Source Code Example - Scraping a Web Page

Using (or providing) Microsoft.NET Classes
neeraj
Posts: 82
Joined: Wed Dec 02, 2009 12:10 am
Location: Ithaca, NY, USA

Source Code Example - Scraping a Web Page

Post by neeraj »

The following may be of help to other people
      TEST;⎕USING;srcUriString;srcUri;client;str
⎕USING←'System,mscorlib.dll'
⎕USING,←⊂'System.IO,mscorlib.dll'
⎕USING,←⊂'System.Net,System.dll'
srcUriString←⎕NEW String(⊂'http://www.cayugafamilydental.com')
srcUri←⎕NEW Uri srcUriString
client←⎕NEW WebClient ⍬
str←client.DownloadString srcUri
⍴str
User avatar
Dick Bowman
Posts: 235
Joined: Thu Jun 18, 2009 4:55 pm
Contact:

Re: Source Code Example - Scraping a Web Page

Post by Dick Bowman »

Any advantage over the example in the .NET Interface Guide?

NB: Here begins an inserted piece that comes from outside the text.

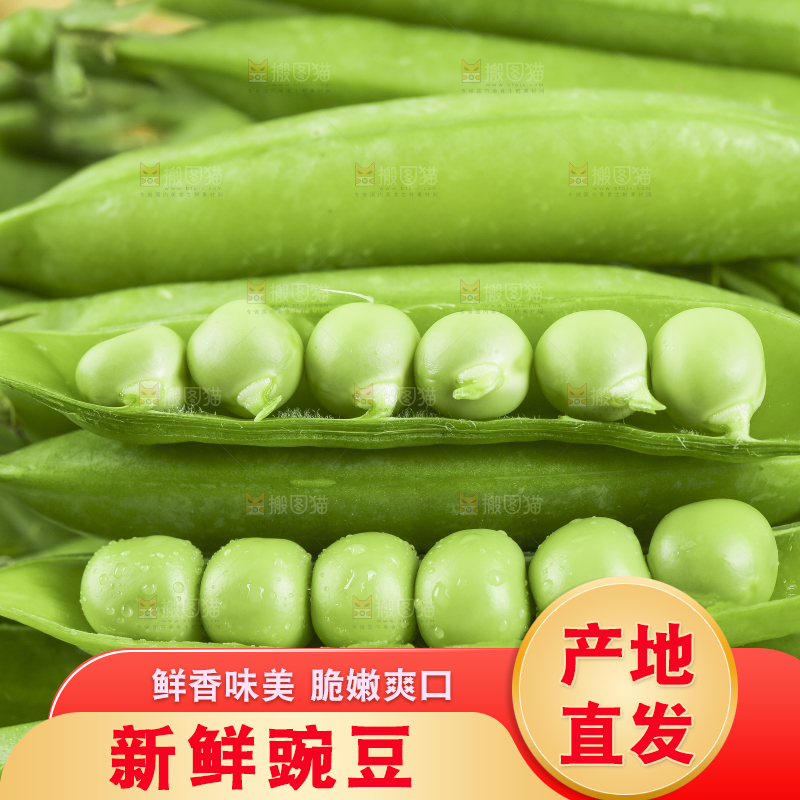 一堆新鲜的豌豆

Always interesting to see different ways to skin a rat. Descriptions of pros and cons can help take what we learn into unknown territory.
Visit http://apl.dickbowman.com to read more from Dick Bowman
jGoff
Posts: 26
Joined: Fri Jun 19, 2009 12:25 pm

Re: Source Code Example - Scraping a Web Page

Post by jGoff »

Always good to have a simple "scraper" on hand. Using v12.1, it worked the first time after a copy and a paste. (Careful not to let the first ⎕NEW line wrap.) Thanks for sharing.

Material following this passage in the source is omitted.